Cinquième capitalisation du CAC 40, Schneider Electric reste pourtant un géant discret malgré ses 40 Md€ de chiffre d’affaires. Son partenariat titre avec le Marathon de Paris est l’un des rares leviers où l’entreprise choisit de se montrer.
Depuis 2013, le nom de Schneider Electric précède officiellement celui du Marathon de Paris. Treize éditions, plusieurs renouvellements de contrat, une communauté de coureurs maison qui dépasse les 6.000 participants par an… Ce partenariat est devenu l’un des cas les plus étudiés du naming. Il dit quelque chose d’essentiel sur ce qu’une entreprise B2B cherche, et souvent ne trouve pas facilement, dans le sport : un territoire d’expression grand public cohérent avec son cœur de métier.
Schneider Electric, la puissance invisible
Le paradoxe Schneider est réel. Avec une capitalisation boursière de 140 Md€, l’équipementier devance TotalEnergies au classement du CAC 40 par exemple. Ses ventes ont progressé de 9 % en 2025, portées notamment par l’explosion de la demande en data centers, pour dépasser désormais les 40 Md€. Schneider Electric est partout dans les infrastructures mondiales, et nulle part dans les conversations du grand public. Un peu comme son organisation qui détonne avec un directeur général, Olivier Blum, installé à Dubaï, un comité exécutif réparti dans huit pays, et son président, Jean-Pascal Tricoire, basé à Hong Kong. C’est précisément ce hiatus que le Marathon de Paris est chargé de combler.
Le marathon, CRM géant et laboratoire RSE
La course à pied présente une caractéristique rare : elle est à la fois sport de masse et sport d’élite, pratiquée dans les directions générales comme sur les chantiers. Pour une marque qui vend à des collectivités, des industriels, des gestionnaires d’immeubles et des opérateurs d’infrastructures, c’est un terrain de rencontre sans équivalent.
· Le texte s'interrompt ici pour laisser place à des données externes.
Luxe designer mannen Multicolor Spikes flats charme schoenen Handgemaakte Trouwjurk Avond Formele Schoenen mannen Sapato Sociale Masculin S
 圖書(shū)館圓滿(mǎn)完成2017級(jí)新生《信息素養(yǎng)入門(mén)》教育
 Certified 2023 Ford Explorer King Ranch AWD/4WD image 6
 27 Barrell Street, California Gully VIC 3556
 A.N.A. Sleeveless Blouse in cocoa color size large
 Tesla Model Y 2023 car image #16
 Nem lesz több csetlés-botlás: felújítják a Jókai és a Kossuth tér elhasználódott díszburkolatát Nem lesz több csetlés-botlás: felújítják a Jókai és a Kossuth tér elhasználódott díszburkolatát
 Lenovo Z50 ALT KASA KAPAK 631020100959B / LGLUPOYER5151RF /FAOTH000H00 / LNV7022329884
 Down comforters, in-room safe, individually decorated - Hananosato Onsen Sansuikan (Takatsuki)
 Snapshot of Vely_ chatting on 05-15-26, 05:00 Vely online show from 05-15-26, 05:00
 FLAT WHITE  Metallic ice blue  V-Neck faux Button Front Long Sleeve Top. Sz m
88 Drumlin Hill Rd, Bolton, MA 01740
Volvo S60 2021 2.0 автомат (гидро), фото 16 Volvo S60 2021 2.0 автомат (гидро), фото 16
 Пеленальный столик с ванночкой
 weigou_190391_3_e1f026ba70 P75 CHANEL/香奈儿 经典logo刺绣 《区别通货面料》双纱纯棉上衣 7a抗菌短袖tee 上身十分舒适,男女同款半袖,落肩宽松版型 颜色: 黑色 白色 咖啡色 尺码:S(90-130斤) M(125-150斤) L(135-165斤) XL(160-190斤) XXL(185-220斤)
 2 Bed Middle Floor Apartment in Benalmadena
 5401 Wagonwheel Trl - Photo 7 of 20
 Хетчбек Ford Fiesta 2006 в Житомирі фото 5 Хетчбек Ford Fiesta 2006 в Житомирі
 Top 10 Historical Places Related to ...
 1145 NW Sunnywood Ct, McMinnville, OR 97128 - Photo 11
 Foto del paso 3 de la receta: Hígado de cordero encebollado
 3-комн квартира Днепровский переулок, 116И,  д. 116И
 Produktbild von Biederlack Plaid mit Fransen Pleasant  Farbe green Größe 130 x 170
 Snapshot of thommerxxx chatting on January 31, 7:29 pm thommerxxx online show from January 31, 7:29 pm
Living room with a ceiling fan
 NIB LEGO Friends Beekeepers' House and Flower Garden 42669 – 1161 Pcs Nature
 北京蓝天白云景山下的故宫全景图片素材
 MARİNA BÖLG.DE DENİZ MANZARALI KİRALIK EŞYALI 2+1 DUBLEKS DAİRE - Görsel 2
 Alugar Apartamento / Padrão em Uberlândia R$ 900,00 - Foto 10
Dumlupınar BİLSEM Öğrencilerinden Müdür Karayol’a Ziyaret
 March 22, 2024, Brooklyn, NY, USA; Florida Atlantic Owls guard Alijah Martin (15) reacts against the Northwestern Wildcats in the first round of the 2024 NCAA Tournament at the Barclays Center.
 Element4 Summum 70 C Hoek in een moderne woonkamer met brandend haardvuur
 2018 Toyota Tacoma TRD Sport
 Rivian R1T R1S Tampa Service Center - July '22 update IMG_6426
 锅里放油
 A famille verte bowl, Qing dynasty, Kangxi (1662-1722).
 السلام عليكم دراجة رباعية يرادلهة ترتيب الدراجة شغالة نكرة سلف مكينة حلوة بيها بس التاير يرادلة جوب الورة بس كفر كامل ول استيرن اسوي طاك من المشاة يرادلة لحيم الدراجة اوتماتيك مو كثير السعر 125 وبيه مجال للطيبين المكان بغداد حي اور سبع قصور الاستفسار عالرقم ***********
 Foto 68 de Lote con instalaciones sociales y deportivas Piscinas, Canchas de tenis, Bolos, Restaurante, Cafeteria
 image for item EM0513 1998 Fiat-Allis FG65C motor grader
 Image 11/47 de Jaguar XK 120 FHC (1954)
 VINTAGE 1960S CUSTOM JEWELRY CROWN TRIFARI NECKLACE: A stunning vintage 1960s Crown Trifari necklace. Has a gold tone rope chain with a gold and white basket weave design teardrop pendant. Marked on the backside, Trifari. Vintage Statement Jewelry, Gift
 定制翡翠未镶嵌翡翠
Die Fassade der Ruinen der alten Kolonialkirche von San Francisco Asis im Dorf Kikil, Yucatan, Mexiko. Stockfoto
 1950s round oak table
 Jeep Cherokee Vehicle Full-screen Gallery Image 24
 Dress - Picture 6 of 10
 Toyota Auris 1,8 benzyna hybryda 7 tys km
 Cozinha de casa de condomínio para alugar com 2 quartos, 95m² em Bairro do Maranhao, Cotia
En 2024, près de 7.700 clients, partenaires et employés de Schneider Electric prenaient le départ à Paris. Soit la plus grande équipe d’entreprise engagée dans un marathon au monde. L’événement coïncidait avec l’Innovation Summit parisien de Schneider Electric, transformant la semaine de course en plateforme commerciale et relationnelle à part entière. On ne reçoit plus ses clients dans une loge : on court 42 km (plus 195 mètres) avec eux.
Mais le partenariat ne se résume pas à de l’hospitalité habillée en short. Le Schneider Electric Marathon de Paris a été signataire en 2017, sous l’égide du Ministère des Sports et du WWF, de la première Charte des 15 engagements écoresponsables des Grands Événements Sportifs Internationaux. Premier marathon au monde à compenser 100 % de son empreinte carbone, l’événement est devenu un démonstrateur grandeur nature de la promesse commerciale de Schneider Electric : gérer l’énergie mieux, réduire les émissions, mesurer les impacts.
La mue de 2026

L’édition 2026, prévue le 12 avril, marque une nouvelle étape du partenariat avec Amaury Sport Organisation (ASO) conclu jusqu’en 2029, soit seize ans de naming continu sur l’un des deux premiers marathons mondiaux en nombre de « finishers » (97,4 % des participants franchissent la ligne d’arrivée, ndlr). Pour accompagner cette longévité, l’événement se dote d’une identité graphique revisitée, pensée pour exister toute l’année en ligne et « briller le jour J », mettant en avant la notion de perspective, celle des coureurs progressant vers les monuments de Paris, et l’émotion collective d’un parcours iconique.
Sur le volet sociétal, la course caritative Paris Run for All, portée conjointement par Schneider Electric, entre dans sa quatrième année consécutive. Le 11 avril, ce parcours de 5 km reversera l’intégralité de ses recettes à Nightline France, association dédiée à la santé mentale des étudiants. « Chaque année cet événement majeur réunit les amoureux du sport du monde entier et devient le haut lieu de toutes les valeurs portées par Schneider Electric : dépassement de soi et performance, esprit d’équipe et ouverture aux autres, inclusion et durabilité », commente Aymeric Renaud, Président de Schneider Electric France. « Quelle fierté pour nous de pouvoir y impliquer également nos collaborateurs, nos clients et partenaires pour un moment de partage mémorable et qui illustre notre sens de l’expérience client. »
Ce glissement progressif de la cause environnementale vers la santé mentale des jeunes révèle une marque qui ajuste ses engagements à la société, sans renier ses fondamentaux. C’est peut-être là la meilleure définition d’un sponsoring durable : non pas un contrat reconduit par inertie, mais un partenariat qui se réinvente parce qu’il reste utile aux deux parties et au-delà, à ceux qui courent.